With the ESG overlay, the top ESG underweights for emerging markets are the Philippines, Colombia and Indonesia, followed by China and Russia.

For developed markets, Japan is the largest underweight, largely due to governance issues.

The ESG overlay reduces country exposure to a number of sovereigns with high-quality, long-term ratings such as Singapore, the UK and the US, largely as a result of poor environmental indicators.

Italy receives a slight underweight for its ESG score compared with other developed markets.

The top ESG overweights for emerging markets are Poland and Chile.

For developed markets, Spain tops the list for its better-than-average ESG score relative to developed markets despite a poor S&P long-term rating (BBB-) and gloomy economic prospects.

For the remainder, the ESG overlay gives greater weight to Northern European countries rated AA+ and above that demonstrate strong ESG performance.

The report concluded that investors might find a reputation risk strategy based on negative screening particularly useful for emerging markets since these countries tend to score poorly on governance measures such as control of corruption relative to developed markets.

AXA IM created the report for a corporate pension fund.

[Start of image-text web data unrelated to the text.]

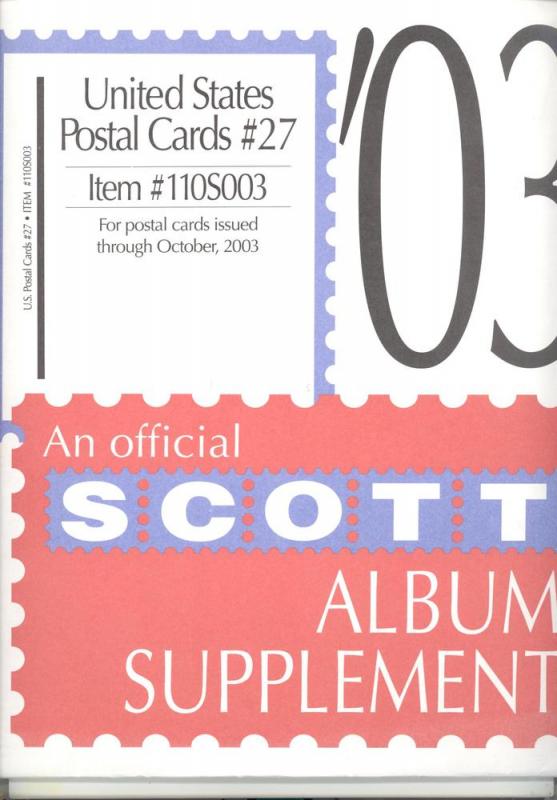 U. S. Postal Cards Supplement # 27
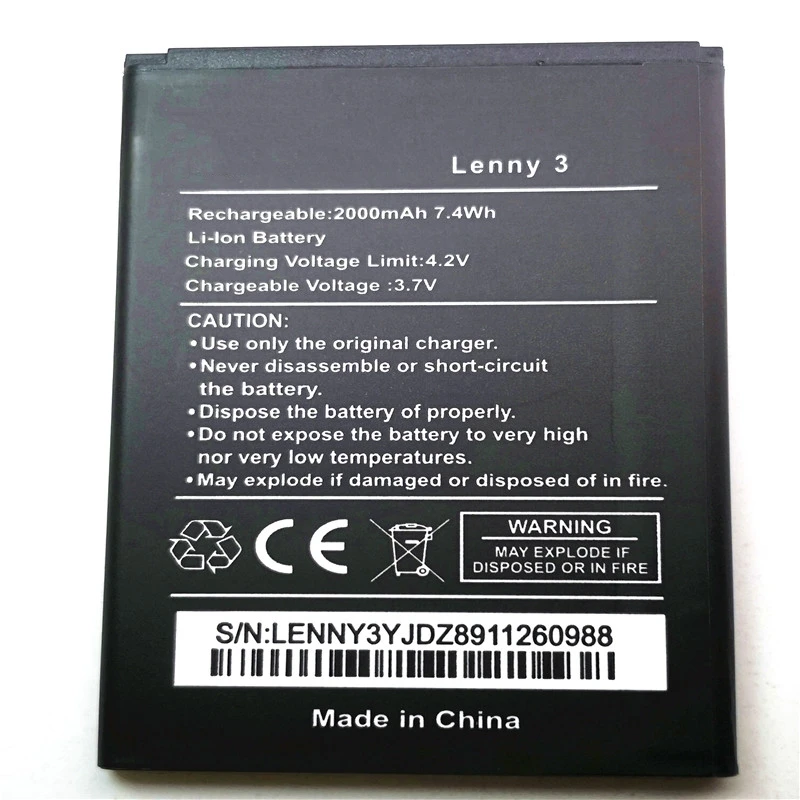 Oem Battery Cell From Factory Phone Battery Ridge Fab 4g Digital Battery For Wiko Tommy 4901 Cink Slim - Buy Digital Battery For Wiko Tommy Cink Slim,Phone Battery For Ridge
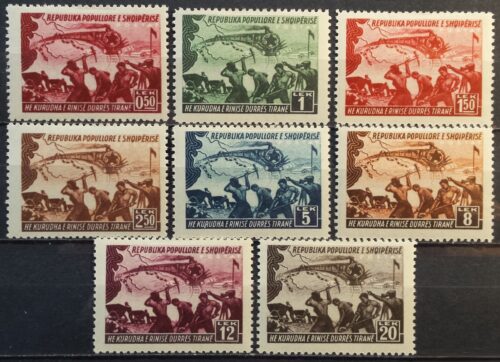 Albanija, pilna serija MiNr 448-455 MH*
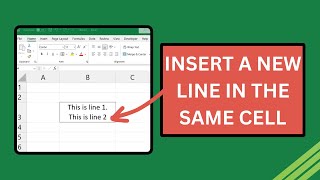 How to enter a New Line in the same cell | Easiest Excel Tip | Multiple lines within the same cell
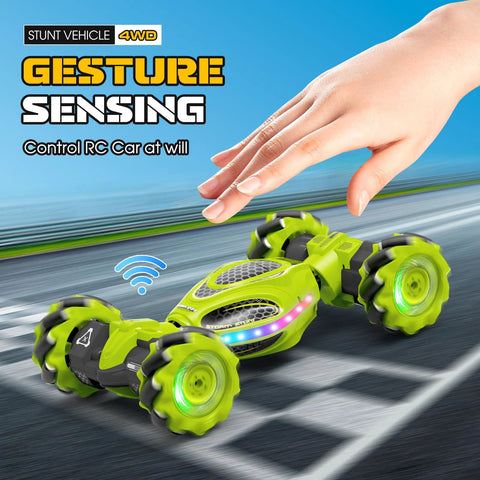 Gesture control RC stunt car with 4WD and hand wave sensor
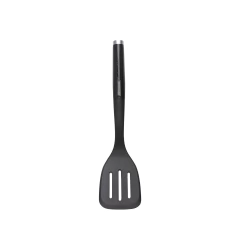 Espátula Perfurada De Nylon 35cm Cozinha Preto Kitchenaid
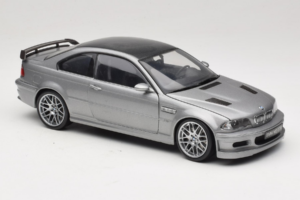 BMW M3 E46 GTR Street Sudrabs Pelēks Kyosho 1:18 08507S Metāls — attēls 6 no 8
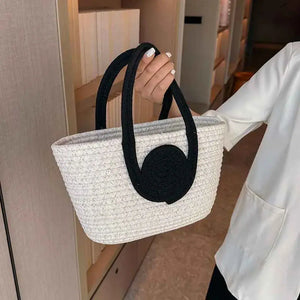 Bolsa de Praia de Palha Modelo Lolla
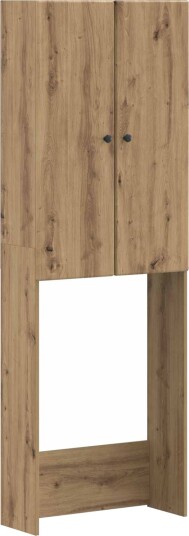 vidaXL Toalett skap BREDA Artisan eik 66 x 25,5 x 190 cm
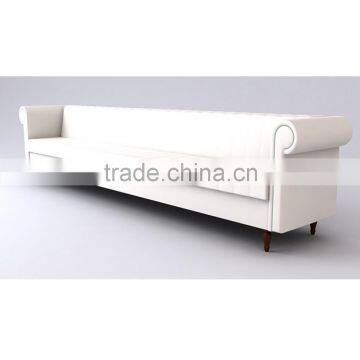 White KTV restaurant seating booth YK7074
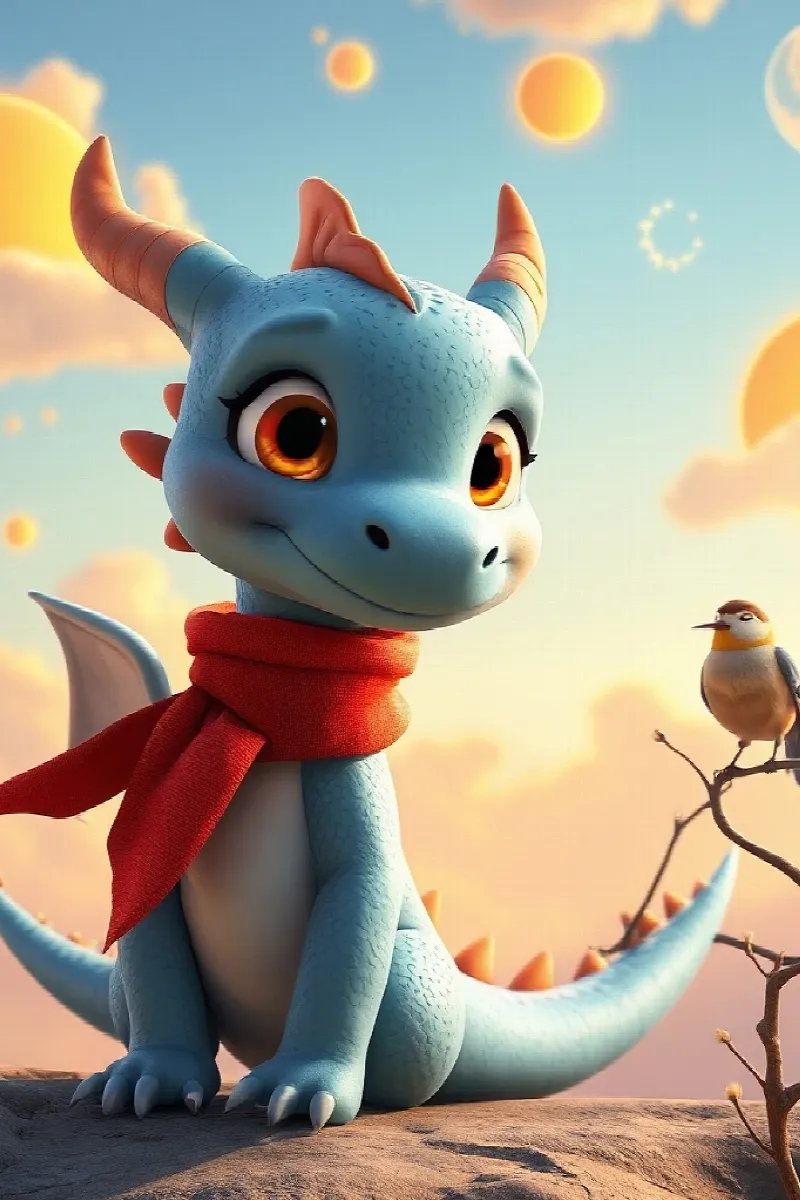Picture 2 from the tale The Pencil Dragon
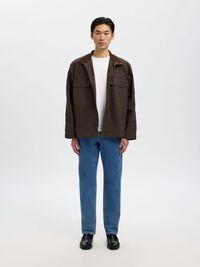 190 TAPERED FIT JEANS, Medium Blue Denim, highres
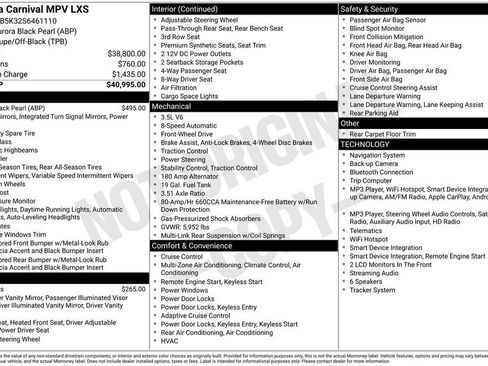 Used 2025 Kia Carnival FWD image 37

Matt Christensen, global head of responsible investment at AXA IM, told IPE: "We are used to seeing interest in ESG from public pension funds. Issues such as sovereign risk and reputation risk can be a door-opener for corporate pension funds to also start looking at ESG."

In other news, nearly 90% of fund managers in inclusive finance report a procedure to integrate environmental issues into their investment decision-making, according to a report by policy and research centre CGAP and the UN-backed PRI Initiative's Principles for Investors in Inclusive Finance (PIIF).

Their investment decision-making takes into account the social performance of investees, but staff incentives – monetary or otherwise – are not always linked to social performance.

The 'PIIF Signatories' Report on Progress' also found that all participants have endorsed the Client Protection Principles, a set of pro-client codes of conduct and practices that together form the minimum standards clients should expect to receive when doing business with a microfinance institution.

The majority report they are incorporating these into their policies and practices.

Most participants' fund managers report a high commitment to investing in microfinance institutions that offer a range of financial services, with just over half collecting data on the proportion of the retail providers in which they invest that provide financial products beyond credit.

On average, 48% provide savings and 44% offer insurance.

But active involvement in corporate governance is mixed, as, on average, equity investors report having board seats with half of their investees.

The report is based on responses of 15 investment manager signatories with assets under management of $6.5bn (€5bn) of the estimated $14bn of foreign capital investment in inclusive finance to the voluntary pilot of the PRI's new Reporting Framework in 2012.

Elsewhere, Korean export-import bank KEXIM has announced the first green bond issue out of Asia.

SEB and Bank of America Merrill Lynch are joint lead managers on KEXIM's $500m green bond issue.

Christopher Flensborg, head of sustainable products and product development at SEB Merchant Banking, said: "KEXIM is an obvious issuer of green bonds, as Korea is selected to host the UN Green Climate Fund and has well-developed environmental laws."
 
KEXIM's green bond proceeds are earmarked for projects that address the transition to low carbon and climate-resilient growth.
 
Lastly, Standard Life Investments has published its first-ever annual review of governance and stewardship.

The review aims to provide an insightful and informative account of how the investment manager fulfils its engagement and voting responsibilities, and sets out its views on the changing governance landscape.